Image-caption web data:
┌────────

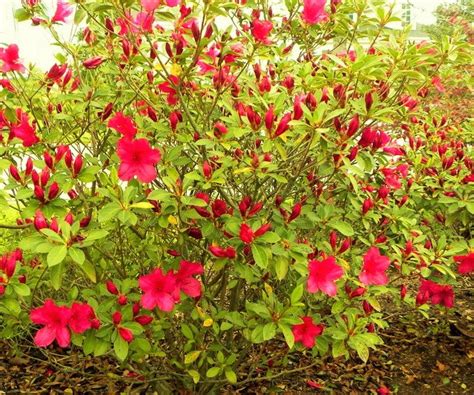 Red Formosa Azalea Southern Indica New Life Nursery And Garden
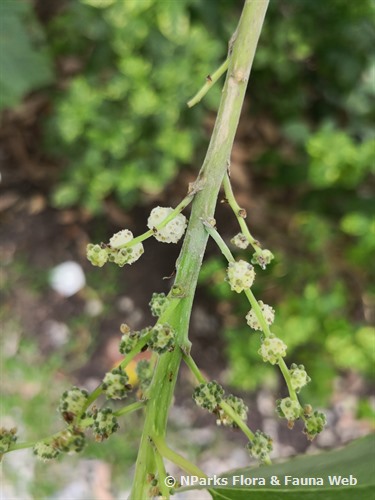 NParks | Pipturus argenteus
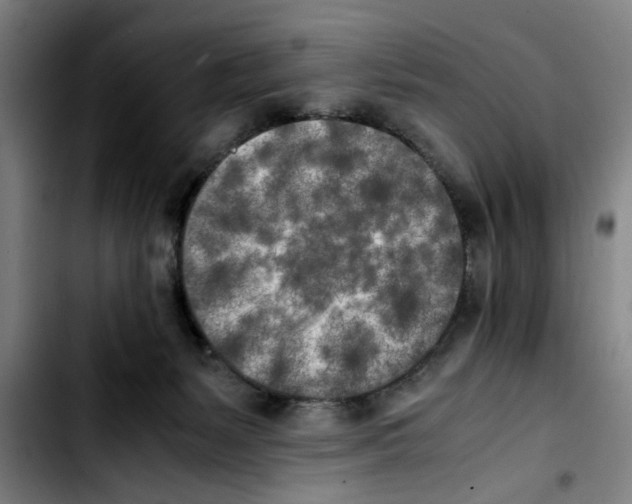 X0000103430127200810241107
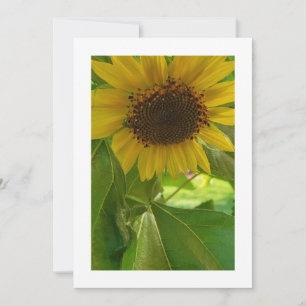 Sonnenblumen-Strahlung: individuelle Einladung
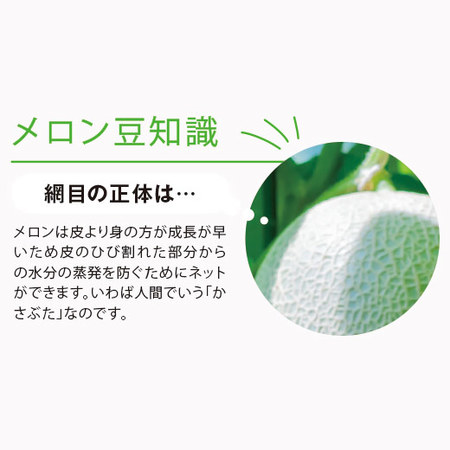 夕張メロン２玉（２．６ｋｇ前後）良品　６月下旬－７月下旬お届け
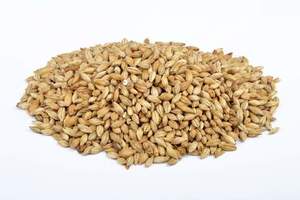 Beer Crushed To Order Malted Barley Milled: Bestmalz Pale Ale Malt (Milled)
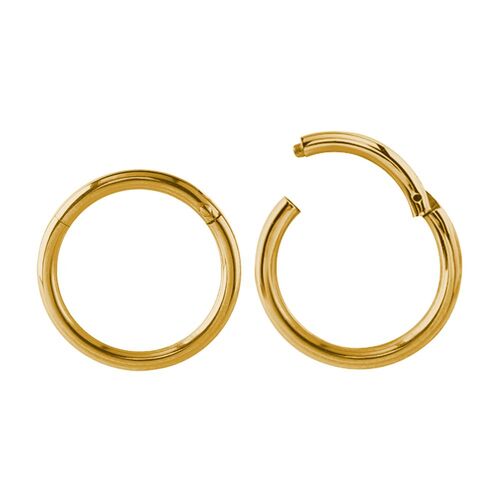 Bright Gold Hinged Segment Ring : 1.2mm (16ga) x 6mm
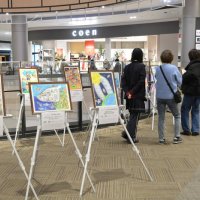 入賞作品２２点展示　ＮＴＴ児童画コンクール　イオンモール幕張新都心　１２日まで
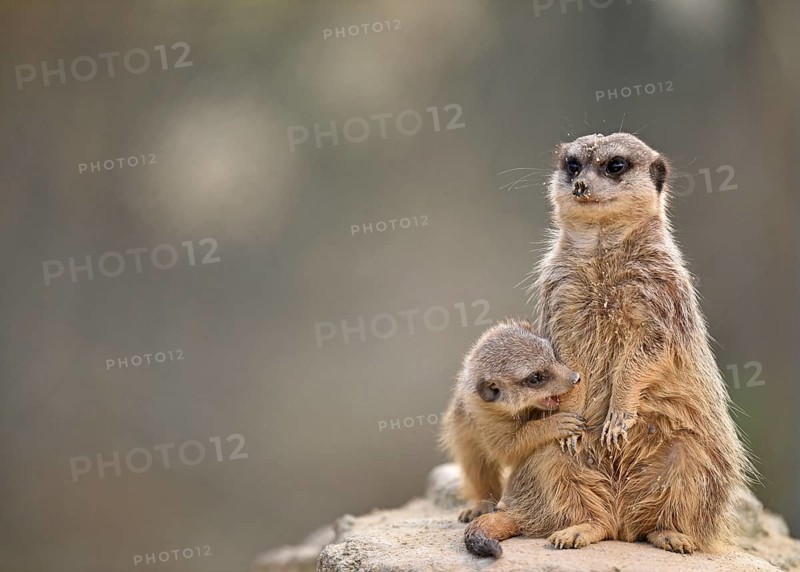 Meerkats
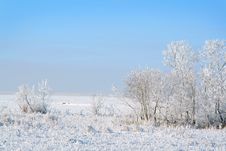White Winter Stock Photo White Winter Stock Photo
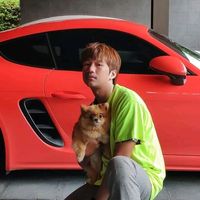 kot_green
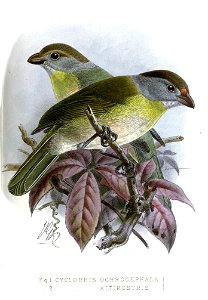 CyclorhisKeulemans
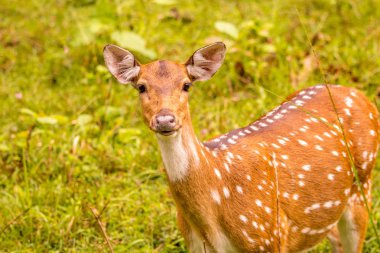 Benekli geyik seviyesindeki bakıyor 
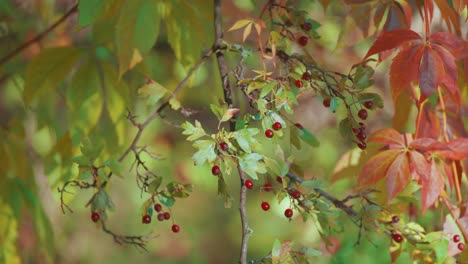 close-up of a branch with small red autumn berries surrounded by wild grapevine leaves in shades of green and red.
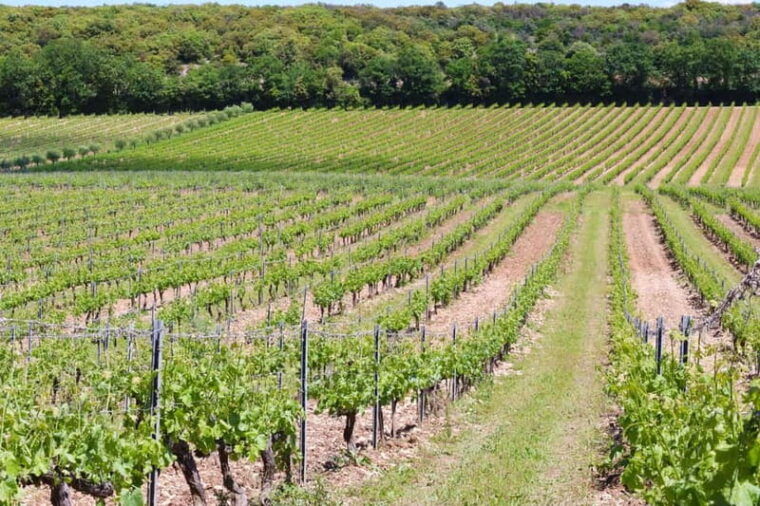 Ardèche: Cellar tour and tasting of 15 wines - Final Thoughts  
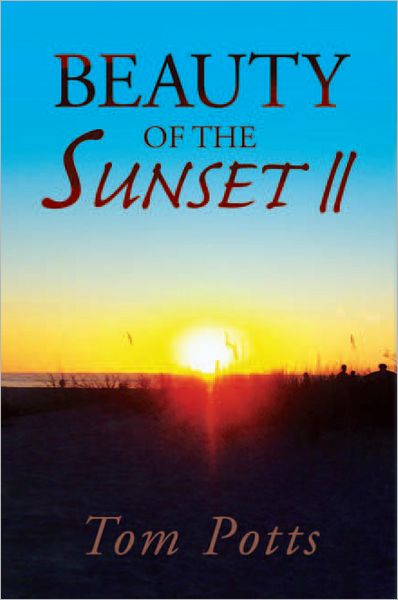 Beauty of the Sunset II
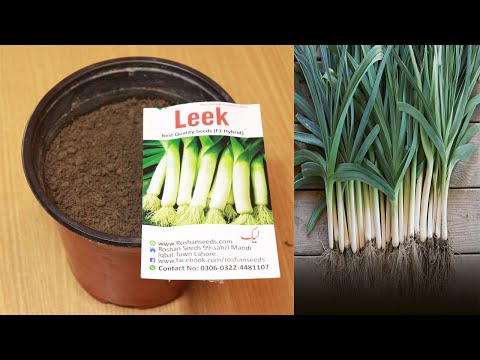 how to grow Leeks from seeds at home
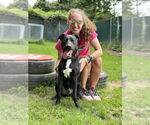 Small #24 Labrador Retriever Mix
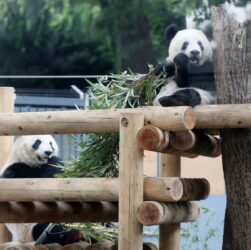 Новини світу - Китай поверне усіх панд із Японії вперше за 50 років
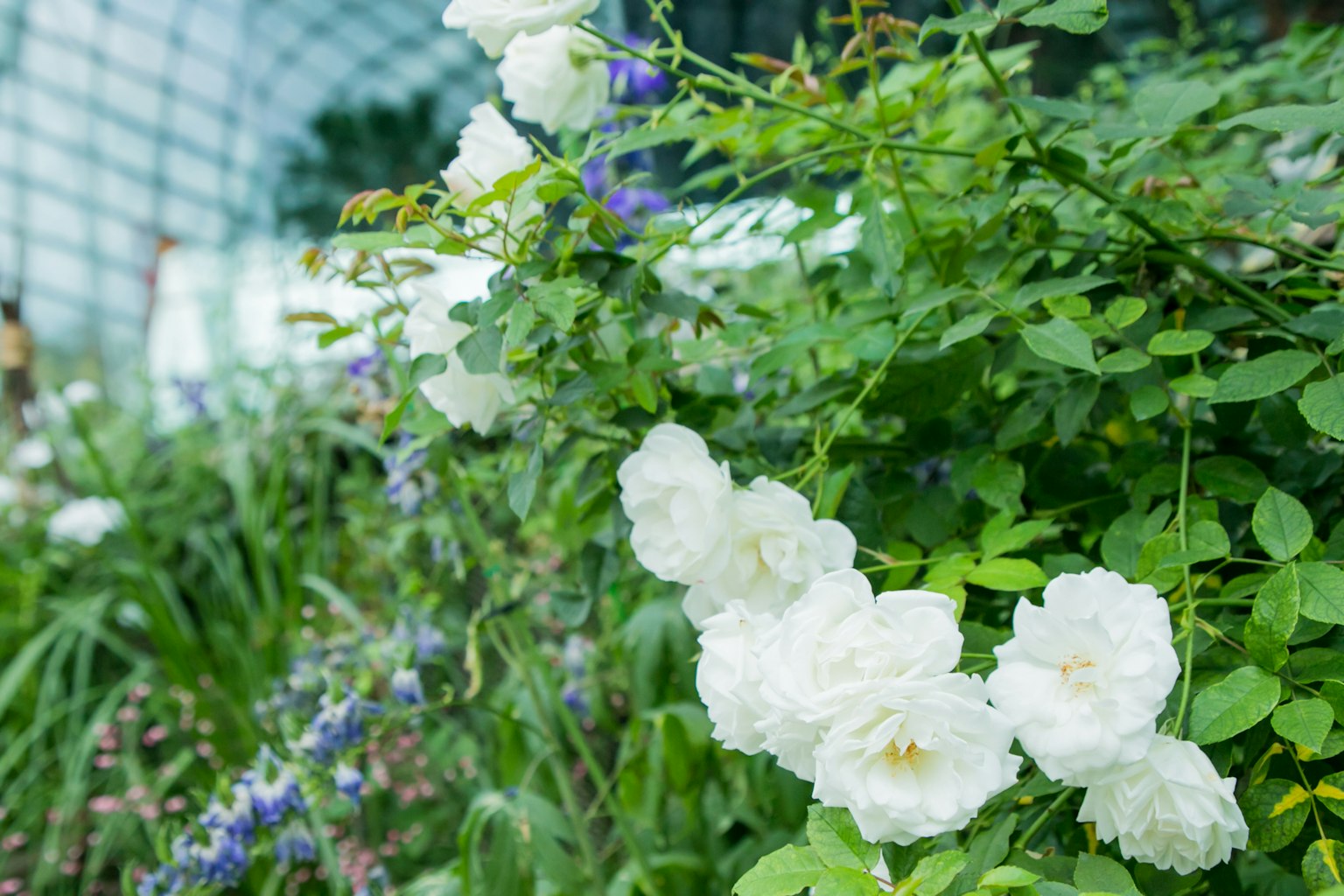 Scena di giardino lussureggiante con rose bianche e vegetazione verde
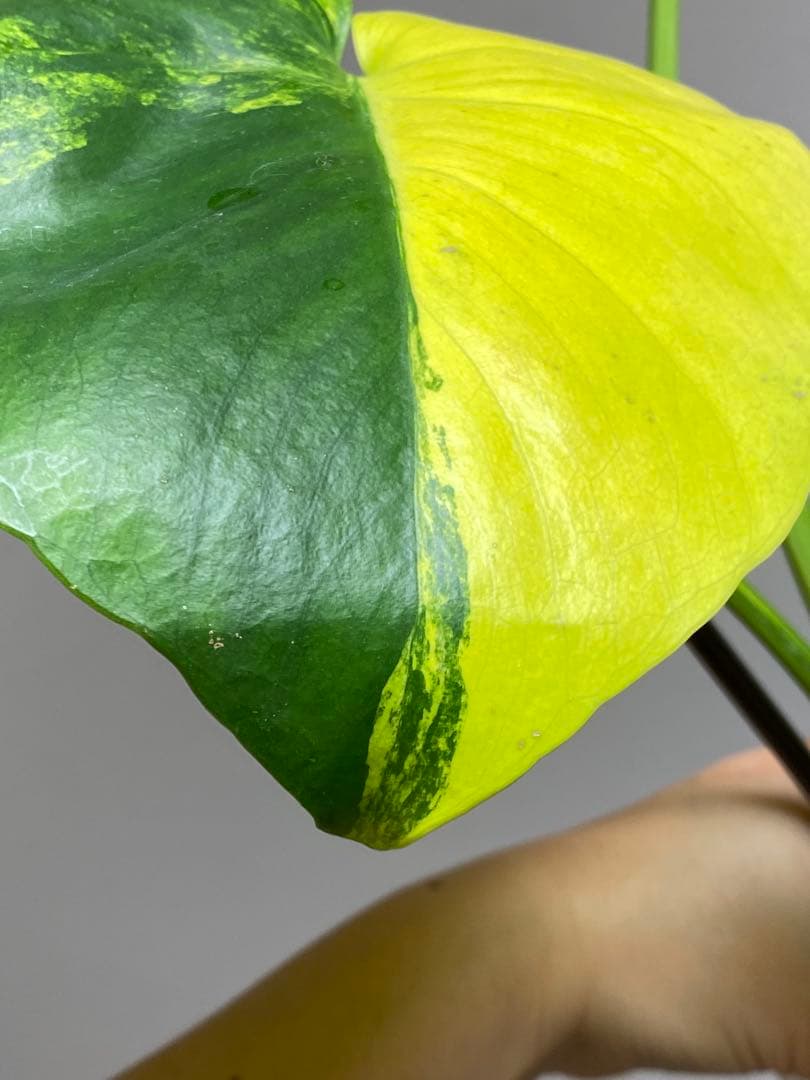 【これは本物です✨】モンステラ　イエローマリリン　黄斑　オーレア　希少　人気‼️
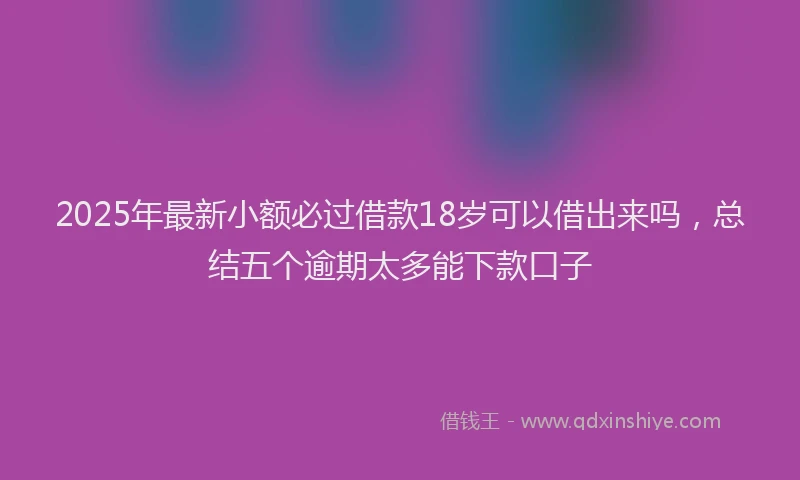 2025年最新小额必过借款18岁可以借出来吗，总结五个逾期太多能下款口子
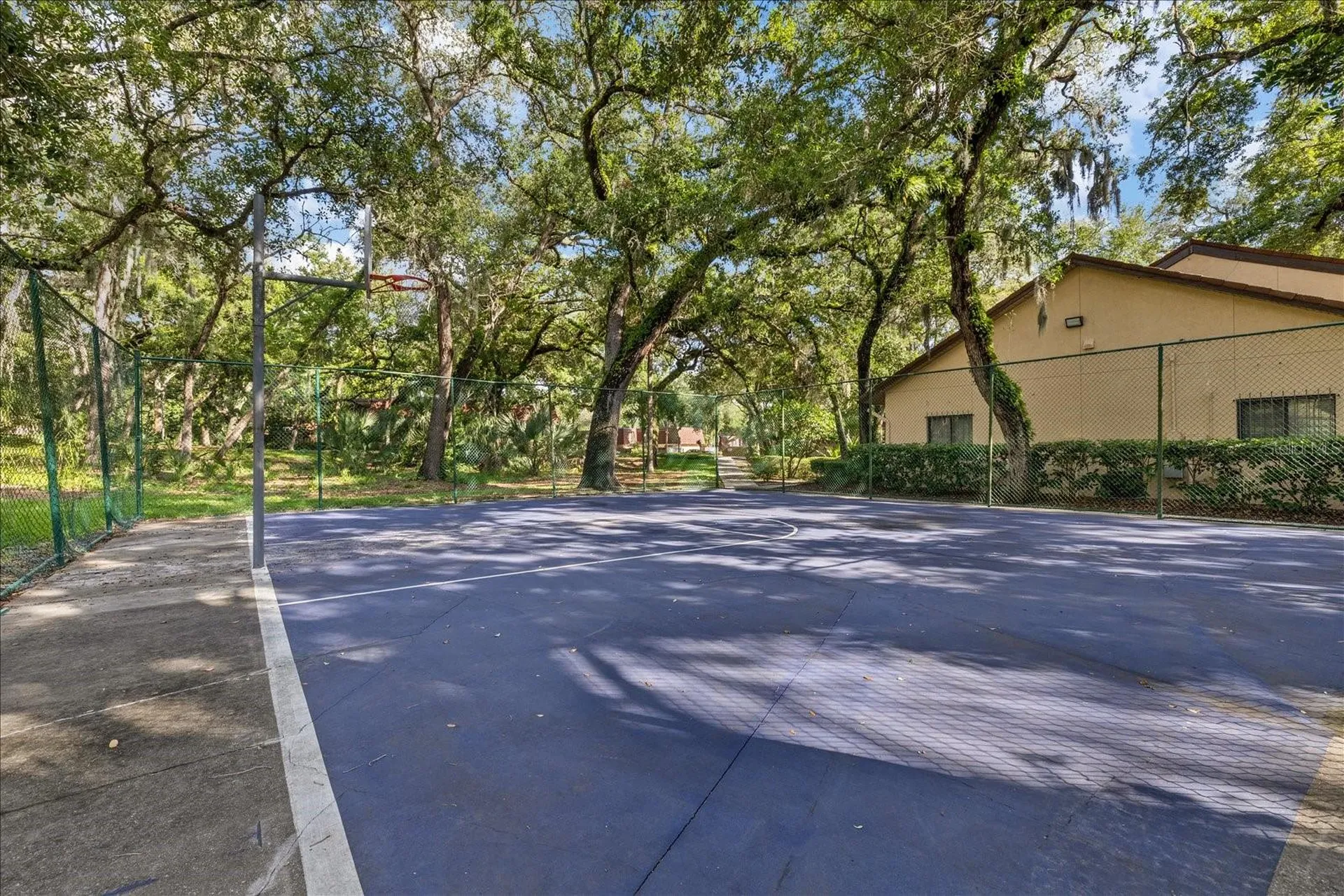 2603 2nd Court Palm Harbor FL 34684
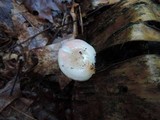 Russula betularum image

└────────

◆ **Task to carry out**: What is wanted is an exact copy of the lines above from the one containing "Beer Crushed To" through the one containing "2025年最新小额必过借款18岁可以借出来吗，总结五个逾期太多能下款口子", with no pictures in it.

◆ **Answer space**:
 Beer Crushed To Order Malted Barley Milled: Bestmalz Pale Ale Malt (Milled)
 Bright Gold Hinged Segment Ring : 1.2mm (16ga) x 6mm
 入賞作品２２点展示　ＮＴＴ児童画コンクール　イオンモール幕張新都心　１２日まで
 Meerkats
White Winter Stock Photo White Winter Stock Photo
 kot_green
 CyclorhisKeulemans
 Benekli geyik seviyesindeki bakıyor 
 close-up of a branch with small red autumn berries surrounded by wild grapevine leaves in shades of green and red.
 Ardèche: Cellar tour and tasting of 15 wines - Final Thoughts  
 Beauty of the Sunset II
 how to grow Leeks from seeds at home
 Small #24 Labrador Retriever Mix
 Новини світу - Китай поверне усіх панд із Японії вперше за 50 років
 Scena di giardino lussureggiante con rose bianche e vegetazione verde
 【これは本物です✨】モンステラ　イエローマリリン　黄斑　オーレア　希少　人気‼️
 2025年最新小额必过借款18岁可以借出来吗，总结五个逾期太多能下款口子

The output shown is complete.